▸ ASSIGNED TASK: Every line between the one containing "So to give you" and the last line of the data, both included, is to be set down exactly, and pictures are to be omitted.

::: PROVIDED DATA :::

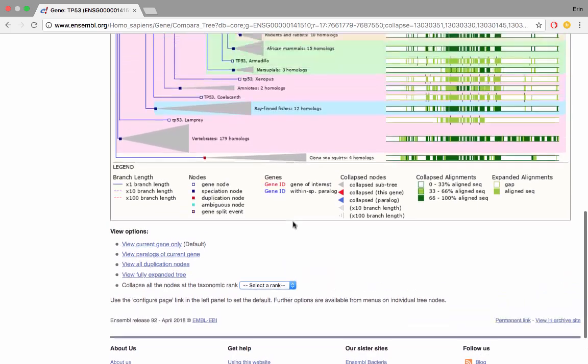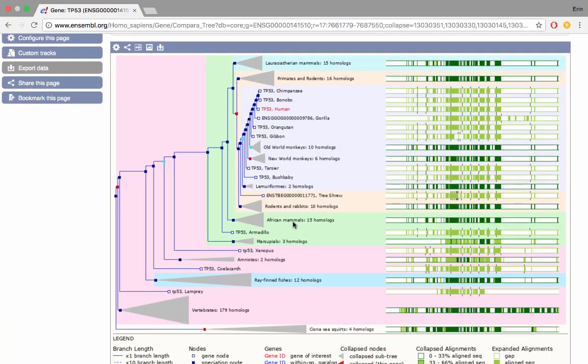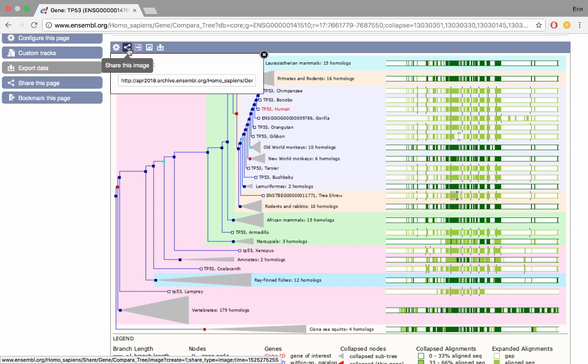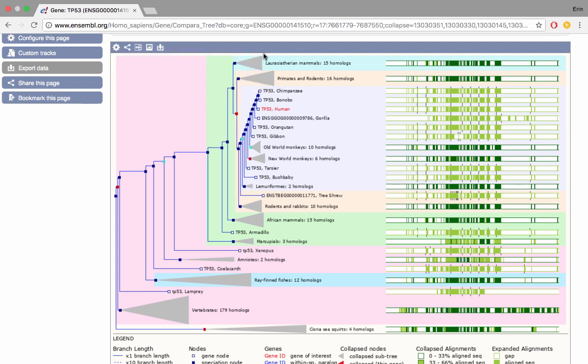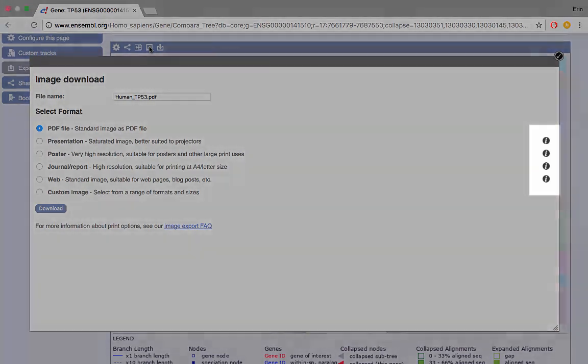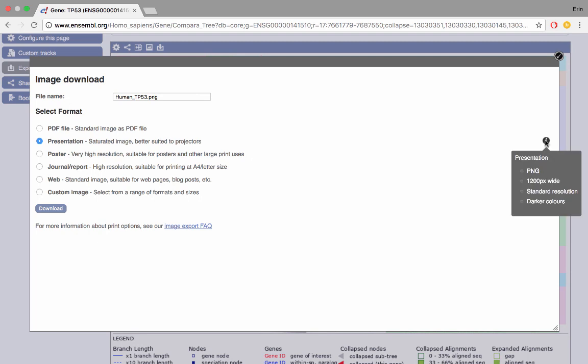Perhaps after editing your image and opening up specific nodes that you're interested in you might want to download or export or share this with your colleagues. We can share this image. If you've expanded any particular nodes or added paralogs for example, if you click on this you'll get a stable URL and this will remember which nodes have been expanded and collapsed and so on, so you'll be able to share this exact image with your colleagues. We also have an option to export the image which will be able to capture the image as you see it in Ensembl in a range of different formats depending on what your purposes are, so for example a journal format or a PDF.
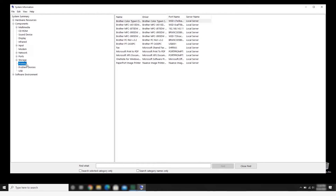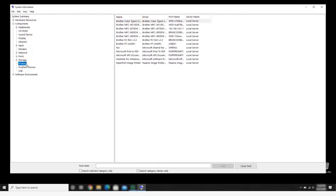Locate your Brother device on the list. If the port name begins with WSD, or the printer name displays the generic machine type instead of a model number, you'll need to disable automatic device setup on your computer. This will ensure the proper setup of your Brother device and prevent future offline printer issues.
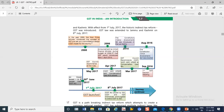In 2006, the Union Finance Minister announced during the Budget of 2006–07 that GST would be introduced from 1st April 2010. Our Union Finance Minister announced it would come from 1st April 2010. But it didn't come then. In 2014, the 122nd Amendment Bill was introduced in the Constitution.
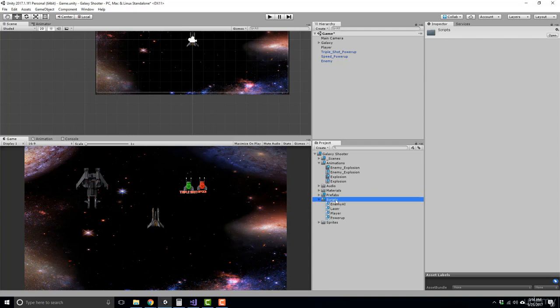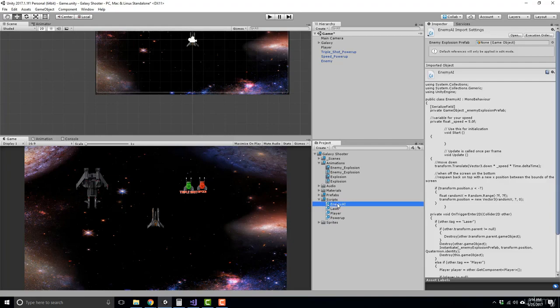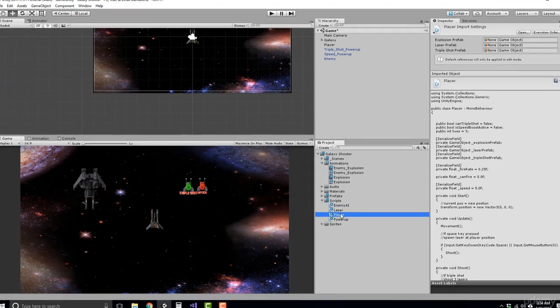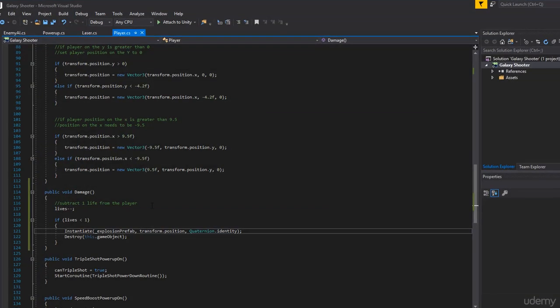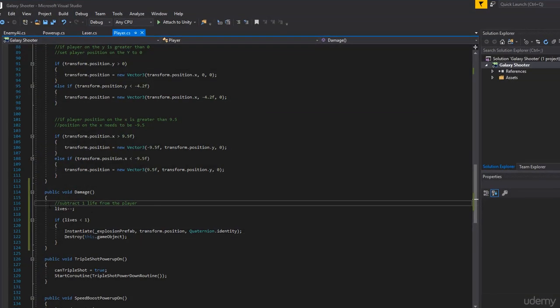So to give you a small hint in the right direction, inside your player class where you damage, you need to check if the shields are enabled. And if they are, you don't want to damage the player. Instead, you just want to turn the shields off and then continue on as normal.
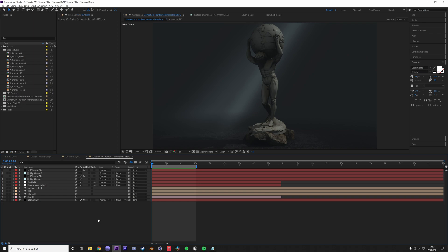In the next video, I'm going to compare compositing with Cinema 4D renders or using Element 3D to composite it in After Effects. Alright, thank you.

:::

▸ RESPONSE BELOW:
So to give you a small hint in the right direction, inside your player class where you damage, you need to check if the shields are enabled. And if they are, you don't want to damage the player. Instead, you just want to turn the shields off and then continue on as normal.
In the next video, I'm going to compare compositing with Cinema 4D renders or using Element 3D to composite it in After Effects. Alright, thank you.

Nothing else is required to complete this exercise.